Fundamentals Deep Dive

Python Modules & Packages

Break large projects into maintainable modules and packages. Master the import system, virtual environments, and packaging basics so your code scales cleanly.

Why modularity matters

  • Keeps files short and focused
  • Enables reuse and testing
  • Unlocks packaging/distribution via pip

Imports in practice

import math
from datetime import datetime as dt

from app.payments import processor
  • Use absolute imports for clarity.
  • Avoid wildcard imports (from module import *).
  • Use __all__ to control export surface.

Module search path

Python searches in this order:

  1. Directory containing the script/REPL session.
  2. Paths listed in PYTHONPATH.
  3. Standard library directories.
  4. Site-packages for the active environment.

Inspect with:

import sys
print(sys.path)

Package structure

payments/
├── payments/__init__.py
├── payments/processors.py
├── payments/utils.py
├── tests/
│ └── test_processors.py
└── pyproject.toml
  • __init__.py marks a directory as a package.
  • Use pyproject.toml to define metadata and dependencies.

Relative imports

from .utils import sanitize
from ..core.config import settings

Use sparingly inside packages; prefer absolute imports for readability unless reorganizing submodules frequently.

Publishing basics

  1. Add metadata to pyproject.toml (name, version, dependencies).
  2. Build with python -m build.
  3. Upload to PyPI via twine.

For internal packages, push to a private index or install from VCS directly.
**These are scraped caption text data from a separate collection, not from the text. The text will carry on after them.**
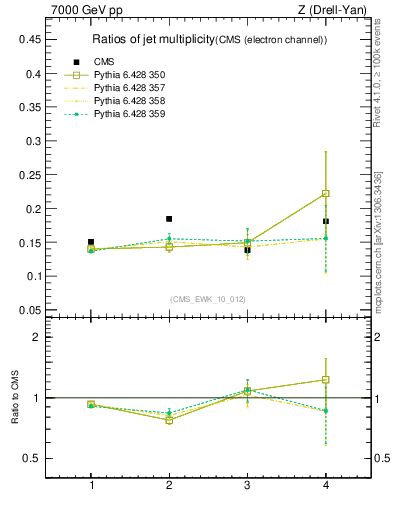 Plot of njetsR in 7000 GeV pp collisions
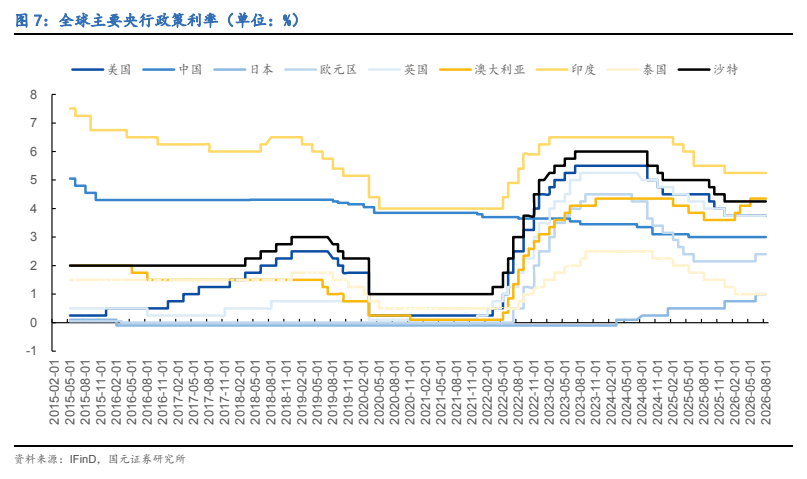 图5. 全球主要央行政策利率(单位: %)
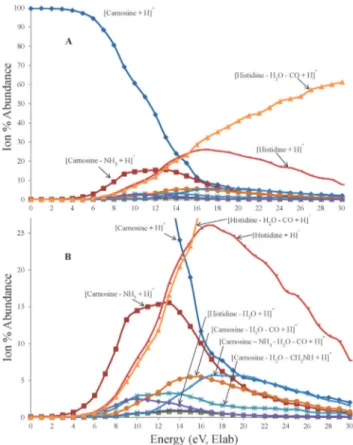 Fig. 2 Energy-resolved collision induced dissociation curves of [carnosine + H] + as obtained on the Aquity TQ tandem mass spectrometer employing argon as a collision gas as described in the Instrumental section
Next up in your learning path

Frequently Asked Questions

Do I still need `__init__.py` on Python 3?

Implicit namespace packages work without `__init__.py`, but adding the file keeps behavior consistent and lets you control what gets exported.

What's the difference between a module and a package?

A module is a single `.py` file. A package is a directory containing modules (and usually an `__init__.py`). Packages are how you distribute groups of modules.

How do I avoid circular imports?

Refactor shared logic into separate modules, delay imports inside functions, or reorganize dependencies. Excessive circular imports signal a design issue.